This paper presents an experimental study of carbon dioxide (CO2) mineralization by injecting aqueous nanobubble dispersion of CO2 into crushed basaltic rock samples at 75°C. Two CO2 nanobubble fluids were compared: one with deionized (DI) water and the other with 30 wt% sodium formate solution (20 wt% formate). Each injection was initialized by saturating the rock sample container with DI water without CO2 content. The main objectives of this research were to test two mechanisms of mineral dissolution, proton-promoted and ligand-promoted mechanisms, and their effects on the subsequent CO2 mineralization with metal silicates in basaltic rock samples.
The experimental program in this research included measurements of CO2 contents in aqueous nanobubble dispersions, static experiments of mineral dissolution by sodium formate solutions at different concentrations, and dynamic flow-through experiments of mineral dissolution and CO2 mineralization by the two injection fluids mentioned previously.
Aqueous nanobubble dispersion enabled the water phase to be saturated with CO2 at a higher level than the inherent solubility of CO2 at 75°C. At 138.9 bara, the CO2 concentration in the nanobubble fluid with DI water was 1.75 mol/L, which was 65% greater than the inherent solubility at the same temperature and pressure. The dynamic flow-through experiments with CO2 nanobubble dispersion in DI water (Case #1) resulted in an enhanced level of mineral dissolution, where the highest concentrations of Mg and Ca ions were 88.1 and 63 ppm, respectively. The metal ion concentrations decreased with time likely because of the formation of passivating layers. SEM analysis of the rock samples did not indicate in-situ CO2 mineralization in Case #1.

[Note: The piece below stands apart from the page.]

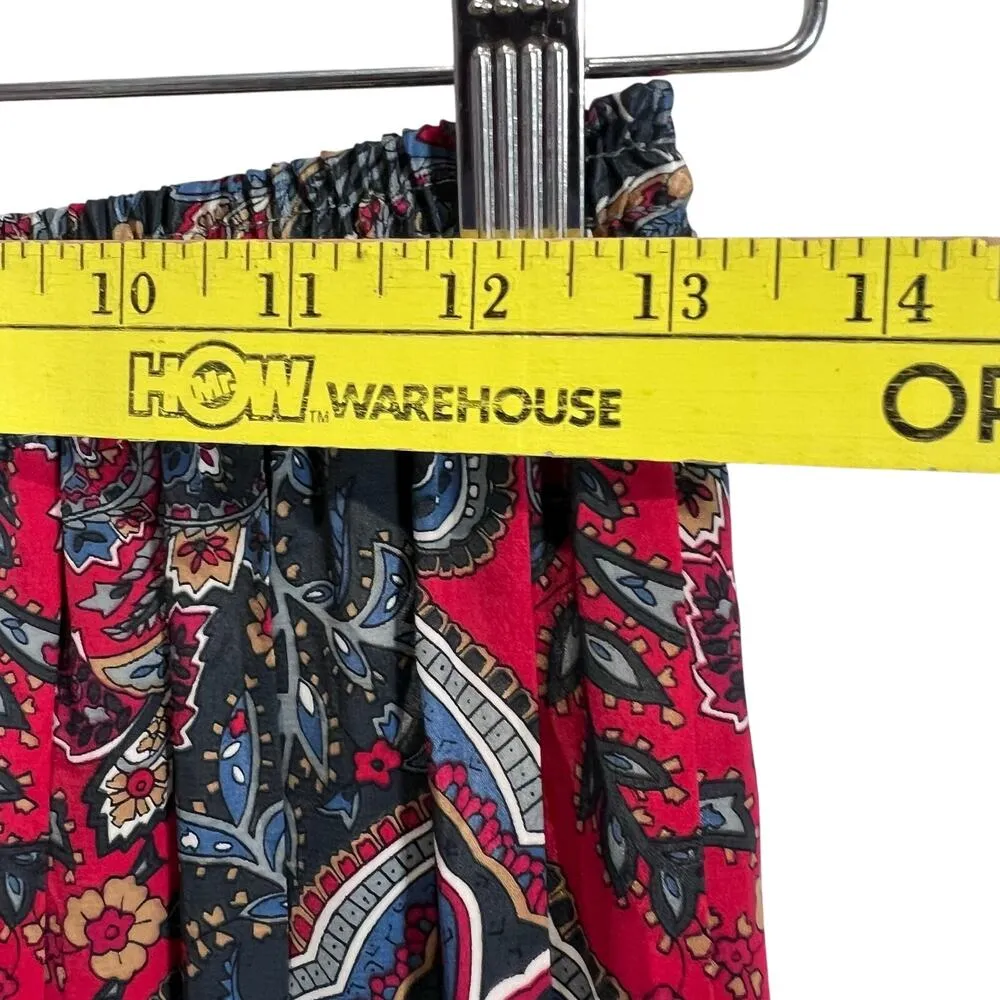 Alfred Dunner Petite Vintage Size 10 Floral Paisley Elastic Waist 2-Piece Skirt - Image 6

The other dynamic experiment with CO2 nanobubble dispersion in 30.2 wt% sodium formate solution (Case #2) confirmed an even greater level of mineral dissolution than Case #1. The highest concentrations were 407 and 504 ppm for Mg and Ca ions, respectively. Unlike Case #1, the mineral dissolution did not diminish with increasing throughput of the injection fluid in Case #2, although the CO2 concentration in the fluid in Case #2 (1.09 mol/L) was smaller than that in Case #1 (1.75 mol/L). SEM analysis of the basaltic rock samples after the experiment in Case #2 identified carbonate minerals, such as vaterite and hydromagnesite, which were not present before the experiment.